4.5 Processors and processor pools

  The processor table can be used to allocate a whole processor to certain processes. Usually the node singleton will be the owner of every processor in the system and will delegate ownership to user level (or in-kernel) schedulers.

Processor pools provide Processors. Usually a processor will be allocated to a user-level (or dynamically loaded in-kernel) scheduler which will in turn implement a processor allocation policy.

<Off processor table. >=
class off_ProcTbl: public off_HWCompResource {
public:
  // Allocates n processors. 
  off_Processor *alloc(off_Protection *prot,natural_t n=1,
                       off_proc_id_t at=OFF_EU_ID_NULL);
  // Deallocates the n contiguous processors starting at p. 
  void free( off_Processor *p, natural_t n=1 );
  //Gets a processor from its  number.
  off_Processor *operator [](off_proc_id_t n) const;
};
Defines off_ProcTbl (links are to index).

where

<Off processor identifier. >=
typedef off_eu_id_t off_proc_id_t;
Defines off_proc_id_t (links are to index).
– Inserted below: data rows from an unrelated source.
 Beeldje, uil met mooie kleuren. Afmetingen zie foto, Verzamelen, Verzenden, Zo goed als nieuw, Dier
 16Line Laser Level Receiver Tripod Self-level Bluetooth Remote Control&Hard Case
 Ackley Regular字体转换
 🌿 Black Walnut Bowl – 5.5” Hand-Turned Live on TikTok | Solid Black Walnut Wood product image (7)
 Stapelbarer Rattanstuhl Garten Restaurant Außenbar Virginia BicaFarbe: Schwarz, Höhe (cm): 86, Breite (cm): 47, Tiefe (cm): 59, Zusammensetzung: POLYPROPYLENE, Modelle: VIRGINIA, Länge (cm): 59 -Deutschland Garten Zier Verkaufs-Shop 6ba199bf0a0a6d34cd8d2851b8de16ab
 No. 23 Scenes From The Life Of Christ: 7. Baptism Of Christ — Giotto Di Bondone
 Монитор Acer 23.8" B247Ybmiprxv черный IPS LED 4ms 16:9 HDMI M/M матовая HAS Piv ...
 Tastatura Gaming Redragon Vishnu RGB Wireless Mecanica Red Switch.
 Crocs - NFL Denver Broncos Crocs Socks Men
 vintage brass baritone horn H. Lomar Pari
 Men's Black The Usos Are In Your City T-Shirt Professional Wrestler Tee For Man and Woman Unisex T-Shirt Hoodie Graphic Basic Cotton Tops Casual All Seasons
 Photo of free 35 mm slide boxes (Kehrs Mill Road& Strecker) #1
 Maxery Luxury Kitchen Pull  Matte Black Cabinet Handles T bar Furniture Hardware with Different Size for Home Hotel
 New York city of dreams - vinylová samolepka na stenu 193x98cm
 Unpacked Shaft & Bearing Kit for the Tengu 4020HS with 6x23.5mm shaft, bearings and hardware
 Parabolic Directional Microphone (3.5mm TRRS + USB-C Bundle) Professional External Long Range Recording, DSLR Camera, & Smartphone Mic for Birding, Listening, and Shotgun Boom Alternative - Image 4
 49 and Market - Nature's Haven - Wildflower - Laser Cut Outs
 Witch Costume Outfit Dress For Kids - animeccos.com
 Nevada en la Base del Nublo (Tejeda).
To help schedulers, processors provide some methods which we now discuss.

First, a new shuttle can be explicitly installed in the processor using the switch_to method. This is to avoid using run queues when they are not needed. Thus, multiprocessing is an optional feature. Dedicated single-threaded nodes can avoid using run queues at all (no processor multiplexing code will run).

When they are, a run queue is an ordered collection of shuttle identifiers. Each identifier will be accompanied by the number of clock ticks it is expected to run.

The queue will be run in a round robin fashion until the occurrence of an event of interest to the scheduler. To let the processor know when to stop the run queue and notify to the scheduler notify should be used. It specifies which events are to cause the stop and also, who should be notified (either by portal or by direct function call when inside the kernel).

In any case, get_current will return a pointer to shuttle being run (or to the last shuttle run, when idle).

<Off processor. >=
class off_Processor : public off_HWResUnit {
private:
   <Other private members of off_Processor. >
public:
   // Installs a new shuttle
   void switch_to(off_Shtl &new);
   // Executes a run queue
   void run(off_shtl_id_t s[], off_offset_t ticks[], natural_t n);
   // Arranges for the processor to notify the owner on this events
   void notify( off_sevent_t events, off_EventHandler sched);
   // Returns the current shuttle
   off_shtl_id_t get_current(void);

  <Other public methods of off_Processor. >
};
Defines off_Processor (links are to index).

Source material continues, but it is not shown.